WHAT IS EXPECTED »
Retype the data that follows line by line, exactly, and leave its pictures out.

========

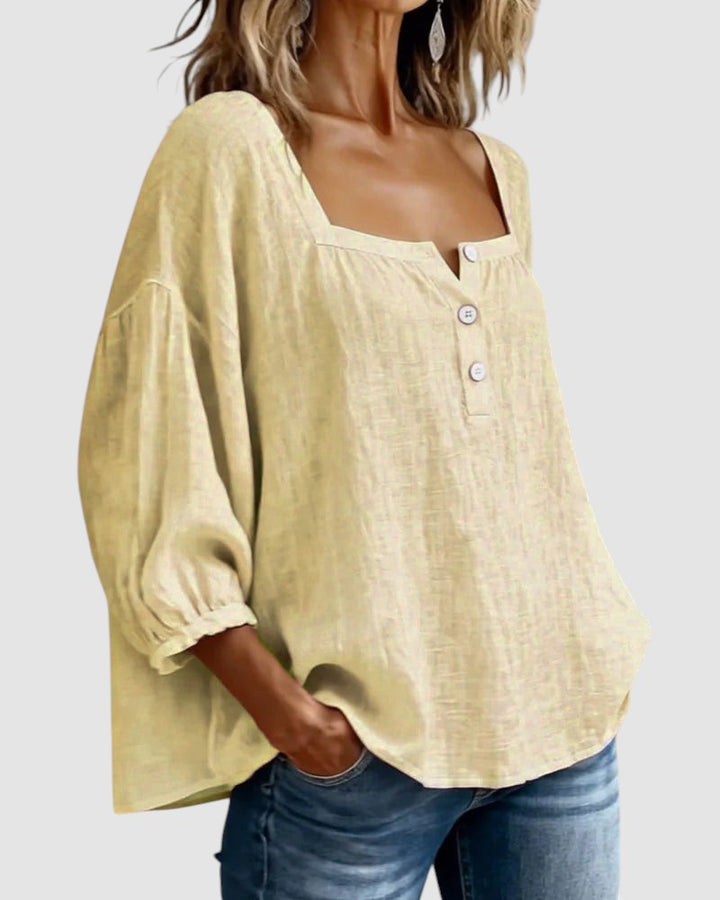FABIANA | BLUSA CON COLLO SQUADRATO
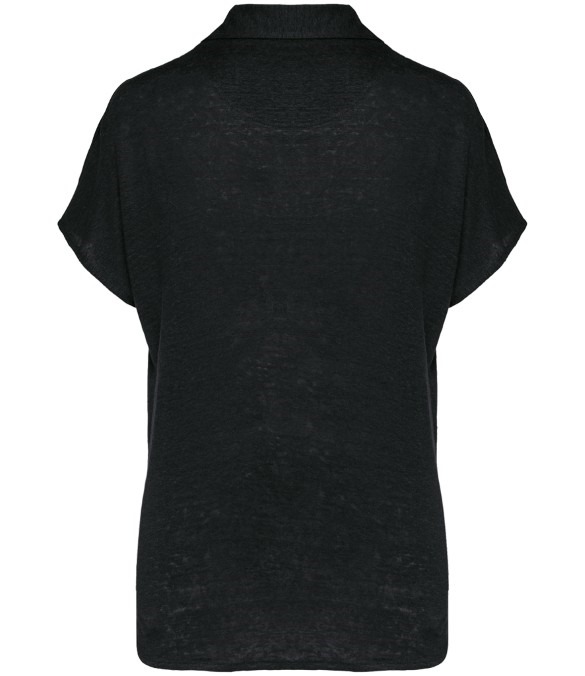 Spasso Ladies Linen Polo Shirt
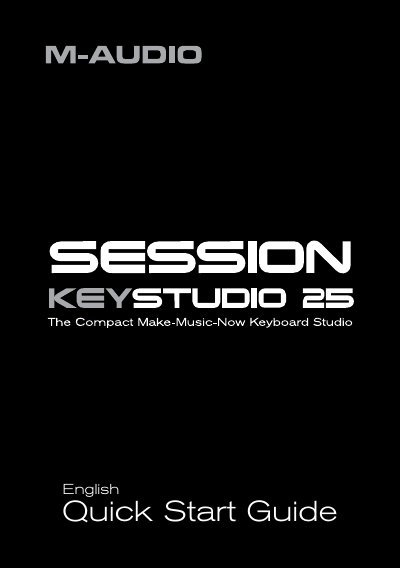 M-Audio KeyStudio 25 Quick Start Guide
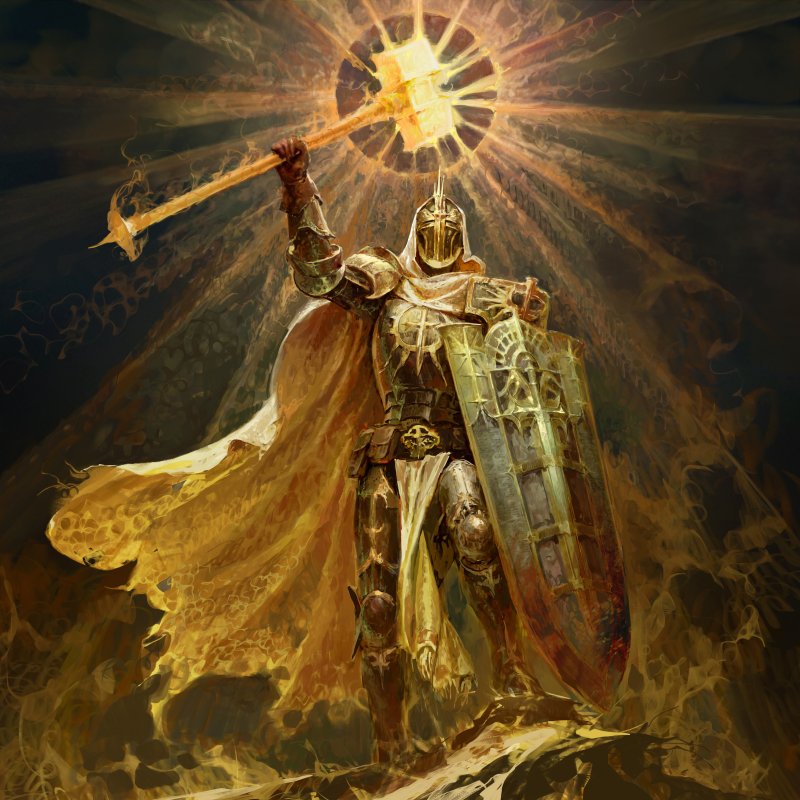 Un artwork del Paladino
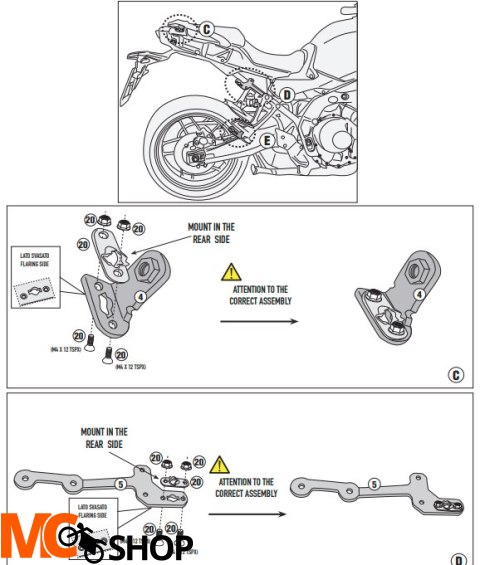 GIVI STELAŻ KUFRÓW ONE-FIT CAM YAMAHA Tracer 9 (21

========

ANSWER »
FABIANA | BLUSA CON COLLO SQUADRATO
 Spasso Ladies Linen Polo Shirt
 M-Audio KeyStudio 25 Quick Start Guide
 Un artwork del Paladino
 GIVI STELAŻ KUFRÓW ONE-FIT CAM YAMAHA Tracer 9 (21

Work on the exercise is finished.